Some smaller ecosystems are heavy users of copyleft, with percentages higher than Fedora’s 55%: Clojars is 74% copyleft (primarily Eclipse-licensed), and CRAN is 81% copyleft (mostly GPL). In addition, Wordpress and Melpa (the Emacs package manager) both lack license metadata, but when we’re able to get supplementary information from GitHub, packages in these ecosystems are overwhelmingly copyleft: 83% and 75%, respectively. Wordpress has about 54,000 packages; the other three mentioned here are in the 12-14,000 package range.
On the flip side, it shouldn’t surprise anyone that mobile and Apple-oriented package managers CocoaPods (39,000 packages) and SwiftPM (3900 packages) are both very permissive, with copylefts only a little over 1% in each ecosystem.
What about the most depended-on packages?
One fair critique of the comparison between the large GNU/Linux operating system repositories and other package ecosystems is that the Fedora/Debian packages are more curated, and therefore (arguably) a better sign of what the “best” developers or programs are using. This is a fair criticism—we’ve definitely found test packages and even spam in some of our research, which wouldn’t occur in the more curated operating system repositories.
To try to compare apples-to-apples and filter out less important packages, we looked at the top 10% “most depended” packages in large repositories with good dependency metadata—npm, Packagist, Rubygems, Maven, Nuget, and PyPI. This top 10% covers a smidgen over 130,000 packages, slightly more than double the size of Fedora 27. Here, there are two groupings: npm and Rubygems have 2% and 4% copyleft, respectively, while Packagist, Maven, Nuget, and PyPI are between 10 and 16%.
Repeating this analysis for the top 1% of packages, the numbers drop somewhat—npm goes to < 1%, gems to 3%, PyPI and Nuget to 8%, Packagist to 9%, with Maven staying fairly steady at 15%.
As the graph shows, regardless of how you slice it, with very few exceptions the measurements stay in the same cluster—around the low double-digits.
What about the various types of copyleft?
The definition of copyleft used for the numbers in previous sections cast a broad net, combining “network” copyleft (like AGPL, OSL 3.0, and EUPL), “weak” copylefts (like LGPL, MPL, and EPL), and the GPL. Breaking it down somewhat further:
Network copyleft is a very small portion of the sample. AGPL, OSL 3.0, and EUPL combine for slightly over 0.5% of packages in our sample, and only 0.3% in the top 10% of packages from the largest package managers. This is fairly consistent across package managers.
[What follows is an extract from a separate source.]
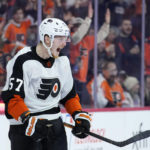Flyers net 5 goals in 2nd, beat Coyotes for 4th straight win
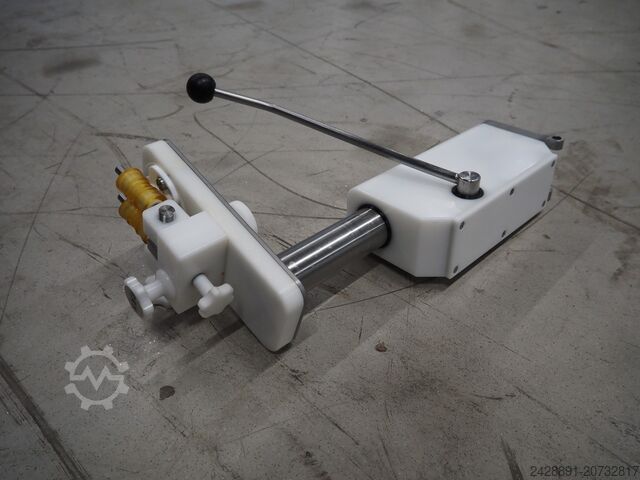 Máy nhồi chân không REX RVF 736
Depending on how you slice things (as described in the previous section), weak copylefts are 3-5 times more common than network, but still somewhat less common than strong copylefts. The distribution varies heavily by ecosystem. In some, weak and strong are similarly prevalent; in others (like Clojars and Maven) weak licenses are substantially more prevalent than strong, and in still others (like PyPI and Packagist) the reverse is true.
Where does this leave us?
These numbers tell a reasonably consistent story. Overall, copyleft flutters around 10% of open source, with some variation higher and lower within particular ecosystems.
By itself, this number does not tell us much: while this is a much lower percentage than in the traditional GNU/Linux operating systems, the absolute number of packages released under copyleft licenses continues to grow. Hopefully, though, it can serve as a useful anchor for further discussion.